The level of customer tracking at Amazon.com is another best-of-breed system. Using the data it collects on every registered user during every visit to the Web site, Amazon points users to products they might actually be glad to discover -- and buy. Amazon recommends products that are:
- similar to what you're currently searching for (on-the-fly recommendations that use up tons of processing power)
- related to what you've searched for or clicked on at any time in the past
- purchased by other people who've searched for what you're searching for or have bought what you've bought
You can even customize the recommendations by giving Amazon more information about yourself and your interests and rating the products you've already purchased.
A recent development in customer tracking actually collects information on people who may have never visited Amazon.com. Amazon's gift-giving recommendations collect data on the stuff you buy for other people. For instance, if you buy a toy train set in December and ship it to your nephew, Amazon knows you give gifts to a boy aged four to 10 who lives in Ohio and likes trains. Might your nephew enjoy the latest addition to that train series? Might he also have an interest in RC cars? Amazon will give you all sorts of ideas about what to get your nephew when the next holiday season rolls around.

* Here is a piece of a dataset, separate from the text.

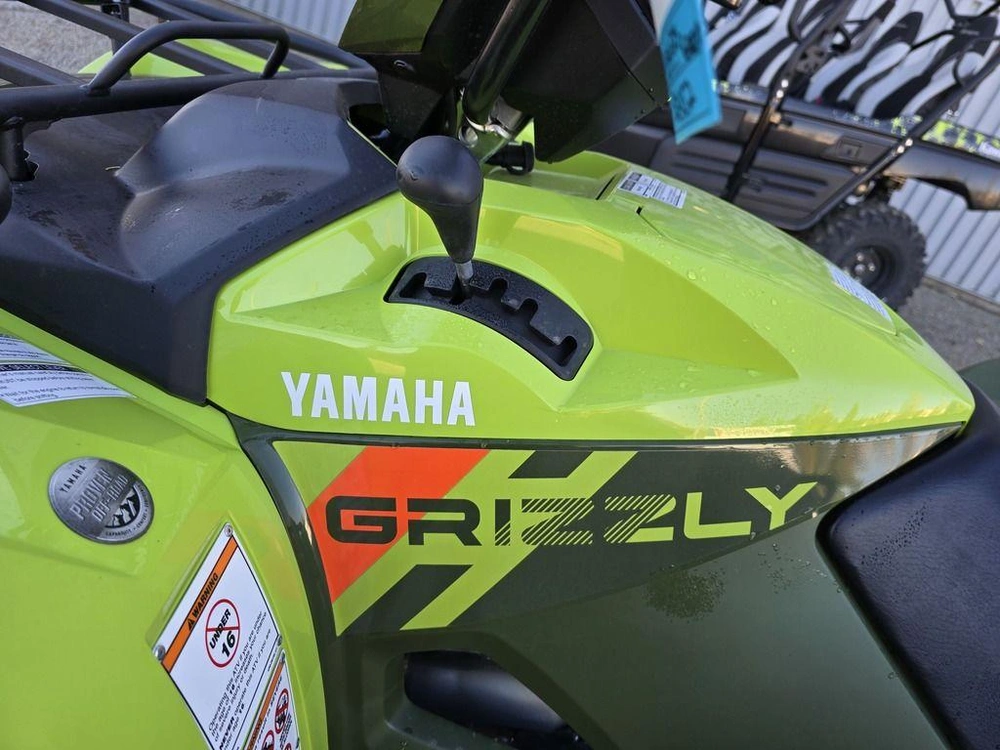 2026 Yamaha Grizzly Eps alt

This type of information gathering has generated a fair amount of controversy. Some say Amazon gathers too much information for comfort, and the Electronic Privacy Information Center reports that in 2000, Amazon started sharing its customer data with its partners and subsidiaries. The concern has increased with the tracking of "gift-giving habits," because the gift-giving information Amazon collects could be about minors, which is against the law, and because the gift receivers don't even know that their name, age, gender, location and interests may be stored in Amazon's database of customer information.

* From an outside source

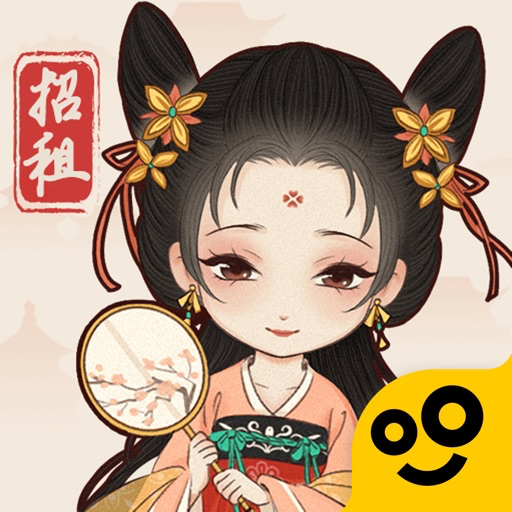 古代收租日记 Icon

Despite concerns about Big Brother Amazon, tons of people love the personalized experience Amazon offers. It's not just sales offers -- there's a community on Amazon.com that's based on people providing even more information about themselves to other Amazon users. People write their own reviews, recommendations, "So You'd Like To..." guides and "Listmania" lists based on Amazon's product offerings and share them with all of Amazon.com. One Listmania list, "The Top 25 Weirdest Items You Can Purchase Through Amazon!" by Sheila Chilcote-Collins of Van Wert, Ohio, includes a jar of S.E.P. (Stop Eating Poop) that should make your dog stop eating its own feces; bird feed in the form of live caterpillars shipped to your doorstep; and a book entitled "Owl Puke" that comes complete with a genuine pellet of regurgitated owl meal. You can make any sort of list you want, and any Amazon member can view it and rate it. (Click here to view the Top 100 Listmania lists.)

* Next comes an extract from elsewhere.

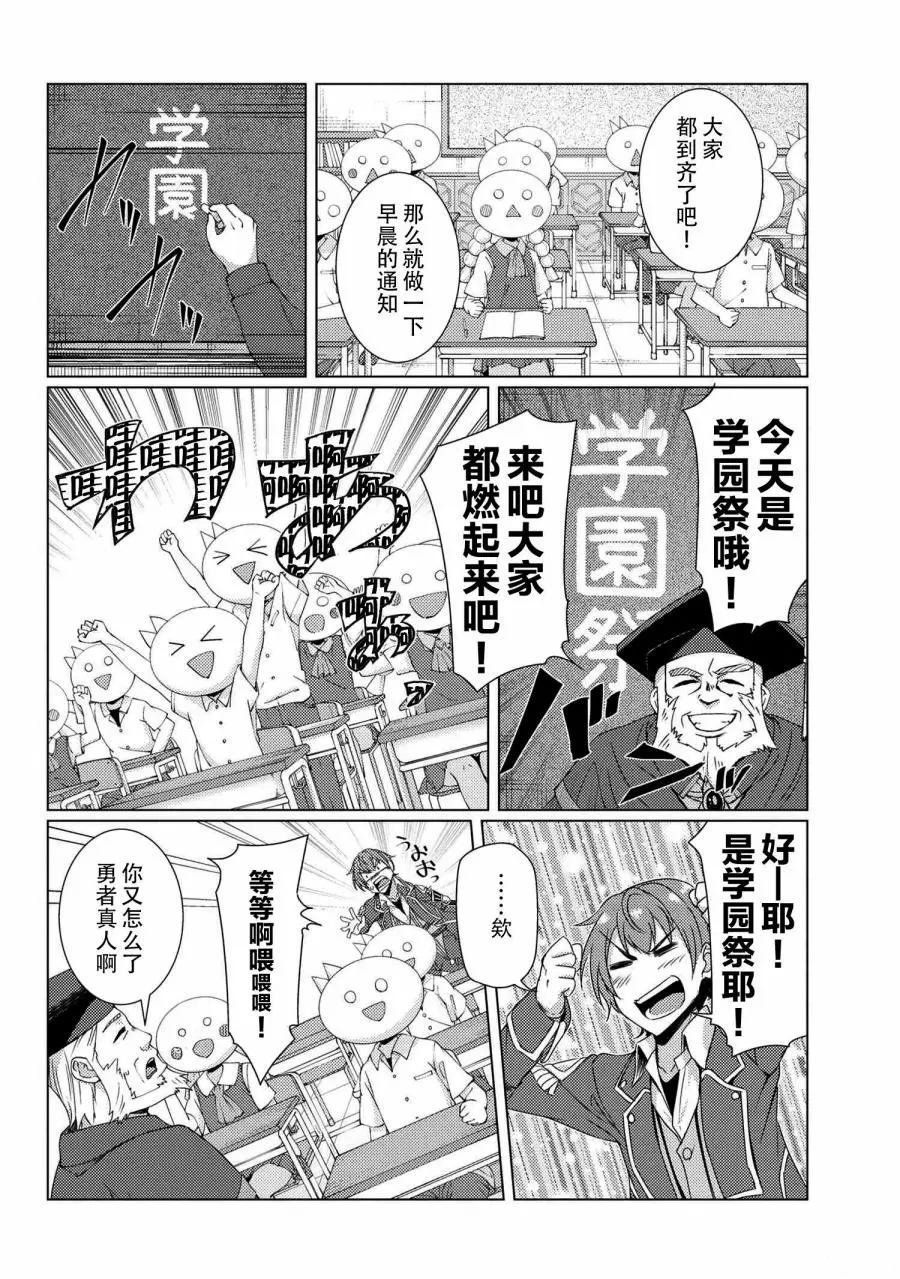 第7.3话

Beyond e-commerce and its trappings, some of the more recent Amazon endeavors have the company branching out into new realms. Amazon's Mechanical Turk project seeks to combine community, technology and compensation. Using the Mechanical Turk system, software and Web developers can post tasks they need help with, usually tasks related to things computers can't do but humans can, like quickly caption a set of photos. Anyone can post a task, and the person who completes it gets a small amount of money in return. Amazon gets a commission on each completed transaction. In a much more visible trek into the unknown, Amazon has funded the A9 search engine. It has full search capabilities, mapping functions, a toolbar with pop-up blocking and an easily accessible personal search history. A9 also provides a "Diary" where you can makes notes to yourself about specific Web pages and lists of recommended links for you to check out based on your previous searches. In keeping with Amazon's omnipresent marketing techniques, you can sign up to get an Amazon.com discount for using A9 on a regular basis, and when you type in a search term, you'll see a display of Amazon book results related to that term.
From a "Where's Amazon going?" point of view, perhaps the most notable project is the previously mentioned Amazon Services subsidiary. Amazon Services is building complete e-commerce solutions for companies that are potential Amazon competitors, leaving open the possibility that Amazon will ultimately head in the direction of technology service over retail sales.